Peace is often easy to declare, but hard to achieve. Two years ago, on November 11, 2021, the President ended the longest war in U.S. history, the global war on terror. This declaration, while ending hostilities, did not bring global peace.
We need only to look at today’s headlines to understand American troops are still answering our nation’s call to serve across the world and are in harm’s way. Yet, many Americans believe we are no longer at war. Support for those who served and are serving is waning.
With the military-civilian divide created by an all-volunteer force, it is rare for every family to know or have someone who is serving or has served in the military. It’s become hard to understand military service comes with tremendous personal sacrifice, a subordination of oneself, with a devotion to our fellow American.
Ultimately, it is a willingness above all to ensure our freedom and to promote peace.

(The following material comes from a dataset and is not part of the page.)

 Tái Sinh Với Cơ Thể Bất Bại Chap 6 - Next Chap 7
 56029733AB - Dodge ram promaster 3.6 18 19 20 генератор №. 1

This Veterans’ Day, I encourage all veterans to tell your story.
We are the ones who will shape the future of our military. It is a National Security imperative for us to band together to serve our veterans. Our youth and future generations must know that those who sacrificed so much for our nation’s freedom are cared for long after they leave military service.
For us at the Georgia Department of Veterans Service, we understand our current veterans are returning home after extended wars and many deployments with a need for more services than previous generations. Ultimately, it is our vision to cultivate community connections which empower Georgia’s veterans and their families to flourish and thrive across the state. Connections to others and one’s communities creates strong bonds, increases resiliency, and leads to well fulfilled life. However, we cannot do this alone.
I would assert it is a moral imperative for all Americans to support our veterans and their families who make up such a small number of our overall population, but without whom our nation and way of life would be at risk. Not just on Veterans’ Day when we recognize and thank those who have served or are serving in defense of our nation, we should take it a step further.
Take the opportunity to connect with our nation’s heroes, learn their stories, share them with your children, and encourage others to take up the mantle of freedom and serve.